My answer is the denominator is $7^7$. The numerator will be $6480\times49= 317520$. Is it correct? The reasoning is to first select 3 babies from 7 babies and then the remaining babies have 6 days each, and then multiply it with 7.
Best Answer
Let us introduce seven events $A_1, \ldots, A_7$, where $A_i$ means that some three babies were born at $i$th day. Then we should find the probability of $$ A=A_1\cup A_2\cup\ldots\cup A_7. $$ Note that these events are not disjoint, and $A_1\cap A_2$ means that three babies were born at the first day and another three - at the second day. The intersections of more than two events are impossible. So $$ \mathbb P(A) = \sum_{i=1}^7 \mathbb P(A_i) - \sum_{i<j}\mathbb P(A_i\cap A_j) $$ where the second sum is over all possible pairs of $i,j$ with each pair appeared only once.
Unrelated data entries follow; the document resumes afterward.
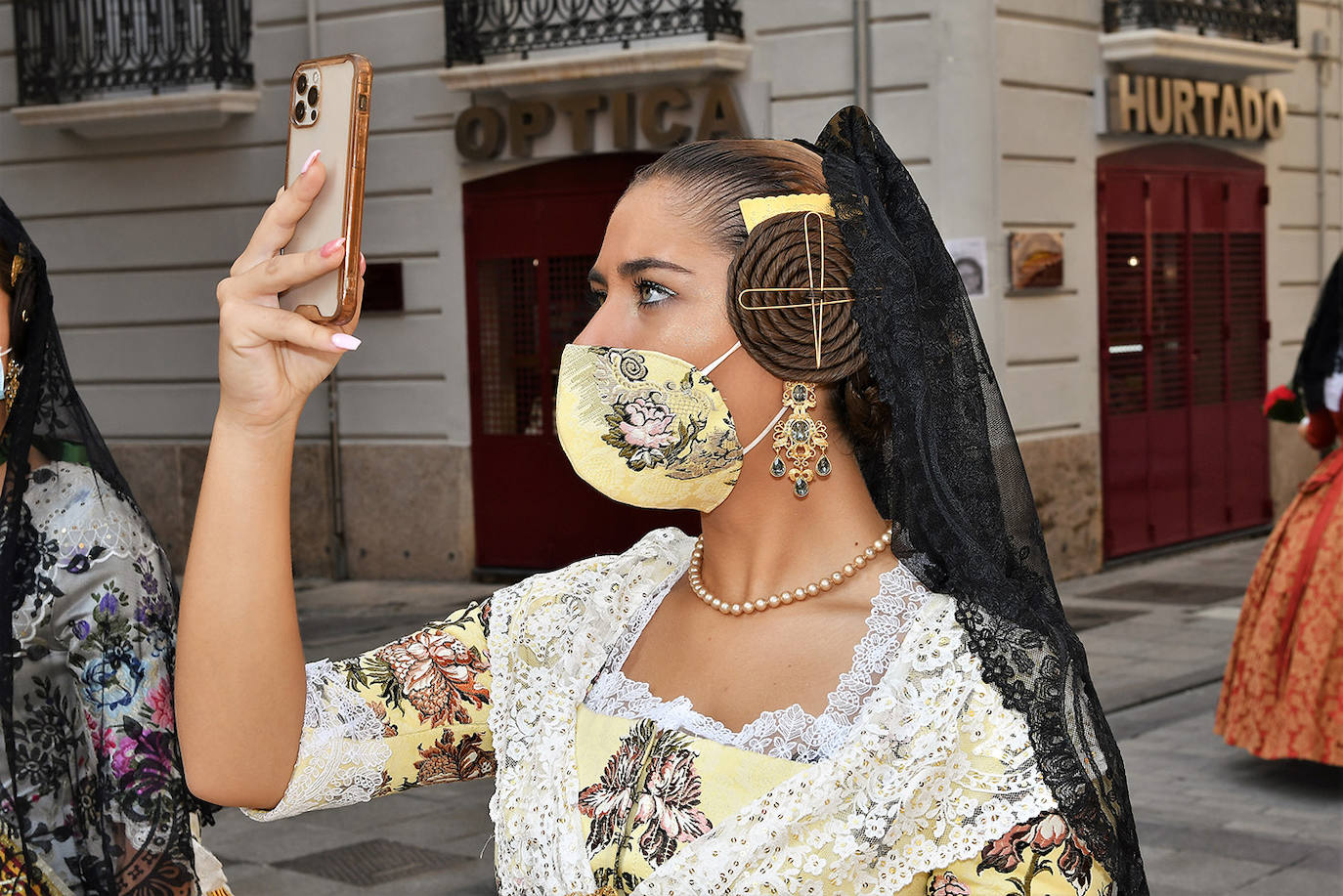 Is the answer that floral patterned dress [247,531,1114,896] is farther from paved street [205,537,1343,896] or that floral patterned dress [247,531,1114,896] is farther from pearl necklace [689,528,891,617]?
paved street [205,537,1343,896]

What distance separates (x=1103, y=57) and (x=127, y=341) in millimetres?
7450

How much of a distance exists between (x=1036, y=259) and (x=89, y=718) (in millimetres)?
8922

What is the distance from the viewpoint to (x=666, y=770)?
1.78 m

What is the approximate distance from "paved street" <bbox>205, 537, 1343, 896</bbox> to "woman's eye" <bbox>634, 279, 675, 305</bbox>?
2682 mm

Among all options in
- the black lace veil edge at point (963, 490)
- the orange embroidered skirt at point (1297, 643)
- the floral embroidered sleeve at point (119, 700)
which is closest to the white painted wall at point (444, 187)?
the orange embroidered skirt at point (1297, 643)

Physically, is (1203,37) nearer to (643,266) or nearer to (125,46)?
(125,46)

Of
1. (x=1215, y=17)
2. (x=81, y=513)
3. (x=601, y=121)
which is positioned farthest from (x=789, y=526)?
(x=1215, y=17)

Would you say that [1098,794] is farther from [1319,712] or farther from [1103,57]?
[1103,57]

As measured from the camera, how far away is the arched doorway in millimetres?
11664

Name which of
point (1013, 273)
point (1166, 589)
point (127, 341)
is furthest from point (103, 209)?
point (1166, 589)

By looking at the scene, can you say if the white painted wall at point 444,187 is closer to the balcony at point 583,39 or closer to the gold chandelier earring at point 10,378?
the balcony at point 583,39

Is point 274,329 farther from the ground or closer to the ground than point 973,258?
closer to the ground

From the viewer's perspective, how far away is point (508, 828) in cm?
188

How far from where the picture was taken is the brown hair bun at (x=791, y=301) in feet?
5.93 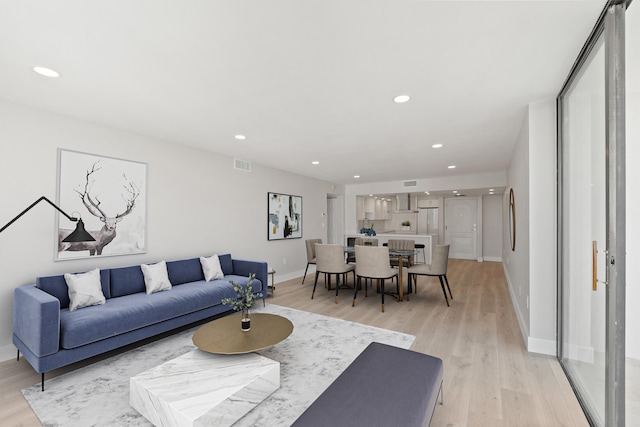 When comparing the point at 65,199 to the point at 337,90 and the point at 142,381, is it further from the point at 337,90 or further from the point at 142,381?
the point at 337,90

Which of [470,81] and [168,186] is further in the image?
[168,186]

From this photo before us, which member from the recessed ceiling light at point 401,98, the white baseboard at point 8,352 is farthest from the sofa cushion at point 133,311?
the recessed ceiling light at point 401,98

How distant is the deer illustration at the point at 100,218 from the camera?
309 centimetres

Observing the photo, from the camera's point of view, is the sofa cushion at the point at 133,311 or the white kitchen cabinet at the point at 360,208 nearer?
the sofa cushion at the point at 133,311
The first sum containes $7$ identical probabilities $$ \mathbb P(A_1) = \frac{\binom{7}{3}\cdot 6^4}{7^7} $$ and the second sum containes $\binom{7}{2}$ identical probabilities $$ \mathbb P(A_1\cap A_2) = \frac{\binom{7}{3}\cdot\binom{4}{3}\cdot 5}{7^7}. $$ Indeed, firstly we choose three babies to born at the first day, then choose three babies from four to born at the second day, then the rest baby can born at any of the rest five days.
So $$ \mathbb P(A)= 7\cdot \frac{\binom{7}{3}\cdot 6^4}{7^7} - \binom{7}{2} \cdot \frac{\binom{7}{3}\cdot\binom{4}{3}\cdot 5}{7^7} = \frac{302820}{7^7}. $$